Why does not being able to capture long-term dependencies result in nonsensical generated paragraphs (like clicking autocomplete)?
What do the probabilities that GPT outputs represent, and what is greedy decoding?
What is a token?
What are the big blocks that make up the GPT architecture?
What are the two main blocks inside a transformer-decoder block?
Describe masked self-attention in your own words (not including the vector math).
How would this help stop generated sequences from being mostly nonsensical?
How are Query, Key, and Value vectors generated from each word embedding?
How is the score for each word calculated using one word's query vector and all the other words' key vectors?
How is the score for each word and its value vector used to create the vector for a single transformed word? (In the case of the article, the word is "He").
Briefly describe multi-headed attention
Awesome job answering those synthesis questions for Transformers! Now we move onto the project (which won’t be nearly as difficult)
The project for this “Language Modeling” section will be following the tutorial/Jupyter Notebook below. Please ask questions in the discord as you work through this project. Be sure to discuss with others in your group!
A few helpful tips:
- Use GitHub, it’s really just better
- Use Anaconda with Python3 in VSCode.
- If you use Anaconda, create a separate environment so you can mess with libraries and imports all day without screwing up your base environment.
- Leave comments to cement your understanding. Link syntax to ideas.
Clone the Git repo onto your local device if you have not already.
There are 2 parts (.ipynb files) to this unit. Finish both.
Now, follow the instructions on this Jupyter notebook to implement some of the things we talked about. There is an “answers” directory on the same level as this notebook that you can use if stuck. You will need to set up a Python environment to run this notebook. Ask around if you are unable to get it working!
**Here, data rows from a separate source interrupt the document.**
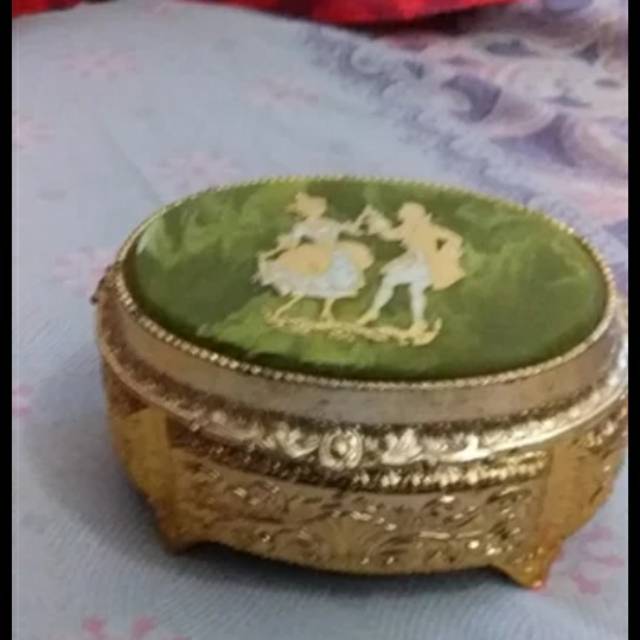 Musical jewellery box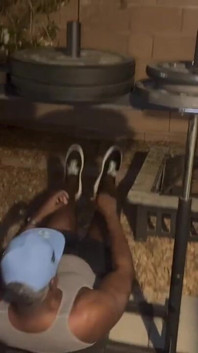 Io e il mio amico ci facciamo un veloce allenamento del bicipite e dei polpacci dopo la vittoria della scorsa notte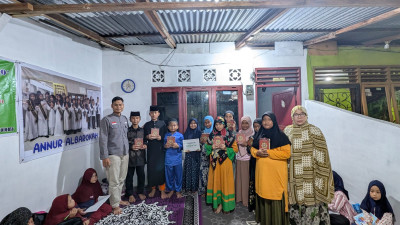 Penyaluran Bantuan Al-Quran Untuk Rumah Quran An-Nur Al-Barokah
I would recommend downloading the entire “notebooks” folder all at once. Its one folder up.
GH Link: Unit 8 Notebook Part 1 (1 hr)
Now navigate to the application portion of this project, where you are given a dataset and asked to train an LLM of your choice to emulate Shakespeare! Be sure to reference your Unit 8 Notebook Part 1 to figure out how to do this. The starter code is in lm_starter_code.ipynb
GH Link: Unit 8 Notebook Part 2 (1 hr)
When you are finished with your code, independently verify that it works and have fun with it! If you add any additional functionality be sure to talk about it with others and give them ideas.
Congratulations! You now understand the basics of Language Modeling!